───── Information shown

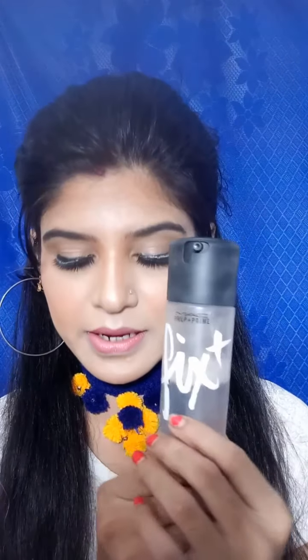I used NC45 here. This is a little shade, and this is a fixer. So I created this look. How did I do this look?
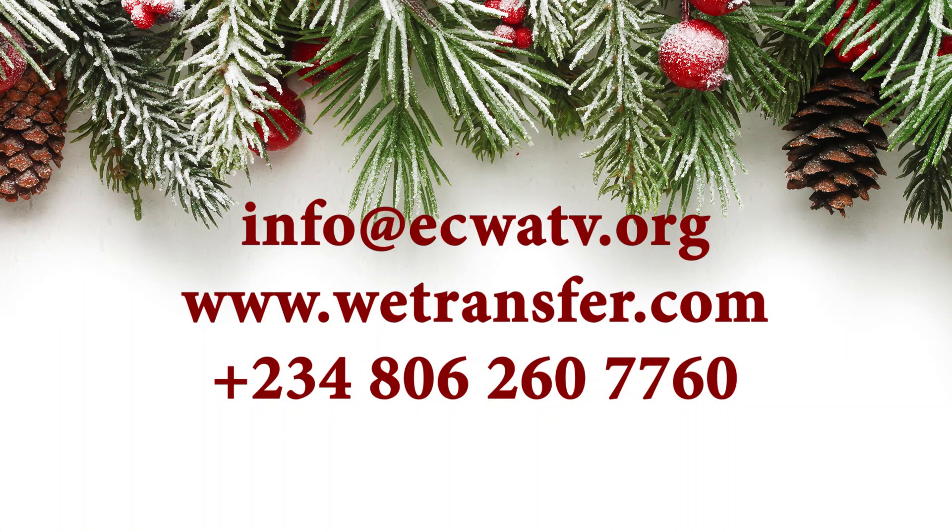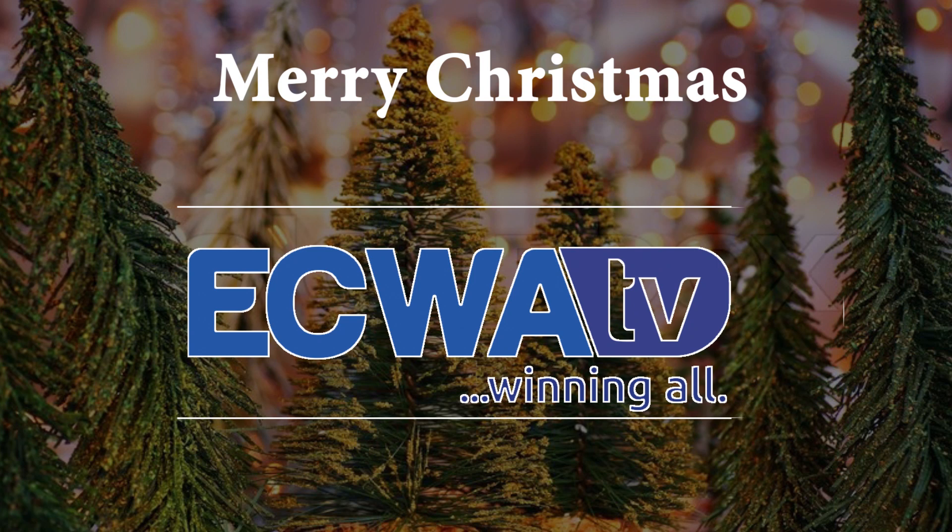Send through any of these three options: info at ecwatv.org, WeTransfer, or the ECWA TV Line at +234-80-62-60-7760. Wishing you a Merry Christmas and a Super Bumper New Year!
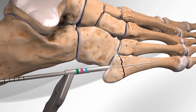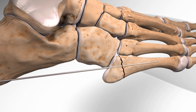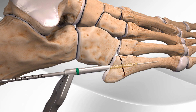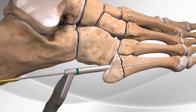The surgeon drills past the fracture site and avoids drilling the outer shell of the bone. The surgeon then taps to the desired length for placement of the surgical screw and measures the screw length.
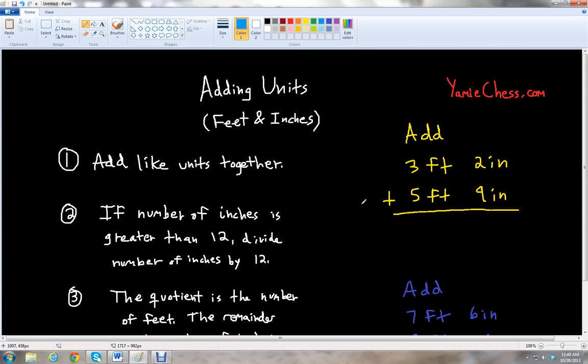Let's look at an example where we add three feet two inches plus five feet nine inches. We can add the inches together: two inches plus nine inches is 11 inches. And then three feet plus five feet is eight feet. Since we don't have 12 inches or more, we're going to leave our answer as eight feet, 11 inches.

──────────

*What is expected*.
Write out the listing above in full, word for word, with no pictures.

*Task response*.
I used NC45 here. This is a little shade, and this is a fixer. So I created this look. How did I do this look?
Send through any of these three options: info at ecwatv.org, WeTransfer, or the ECWA TV Line at +234-80-62-60-7760. Wishing you a Merry Christmas and a Super Bumper New Year!
The surgeon drills past the fracture site and avoids drilling the outer shell of the bone. The surgeon then taps to the desired length for placement of the surgical screw and measures the screw length.
Let's look at an example where we add three feet two inches plus five feet nine inches. We can add the inches together: two inches plus nine inches is 11 inches. And then three feet plus five feet is eight feet. Since we don't have 12 inches or more, we're going to leave our answer as eight feet, 11 inches.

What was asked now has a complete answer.